◆ **Problem details**: Nothing but the lines from the one holding "Bathroom of Attic" through the last line of the material below should be set down, exactly and without images.

:::

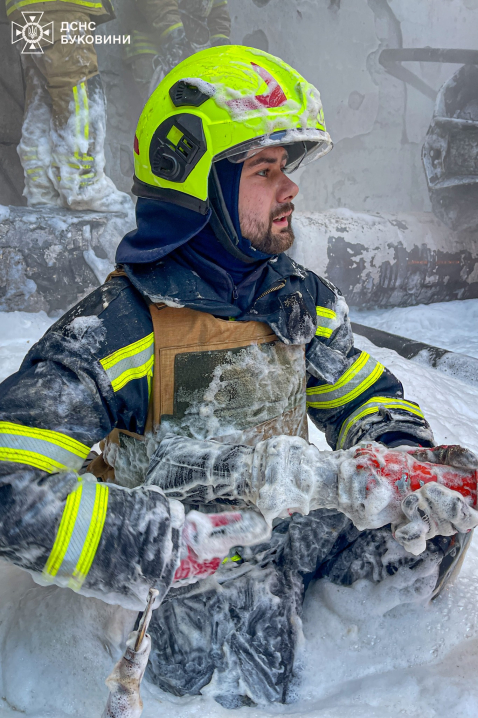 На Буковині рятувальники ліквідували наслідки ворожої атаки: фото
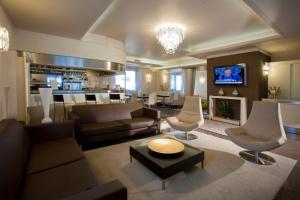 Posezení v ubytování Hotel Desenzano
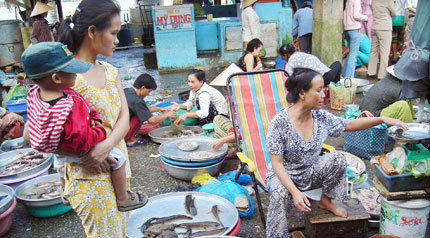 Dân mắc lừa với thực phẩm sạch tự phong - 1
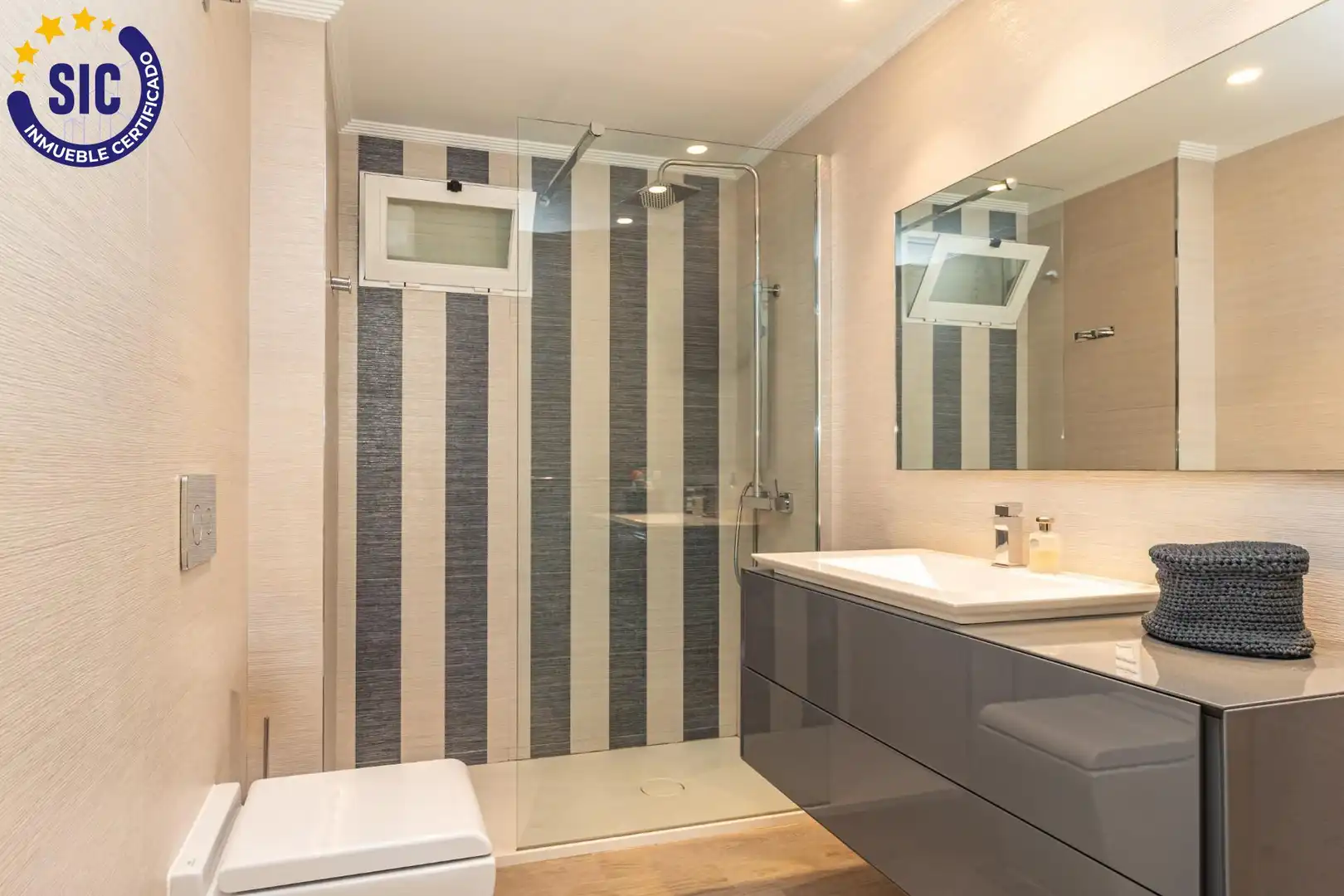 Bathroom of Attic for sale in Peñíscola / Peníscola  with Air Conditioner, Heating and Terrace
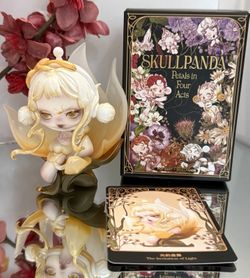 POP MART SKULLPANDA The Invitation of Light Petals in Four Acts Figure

:::

◆ **Written solution**:
 Bathroom of Attic for sale in Peñíscola / Peníscola  with Air Conditioner, Heating and Terrace
 POP MART SKULLPANDA The Invitation of Light Petals in Four Acts Figure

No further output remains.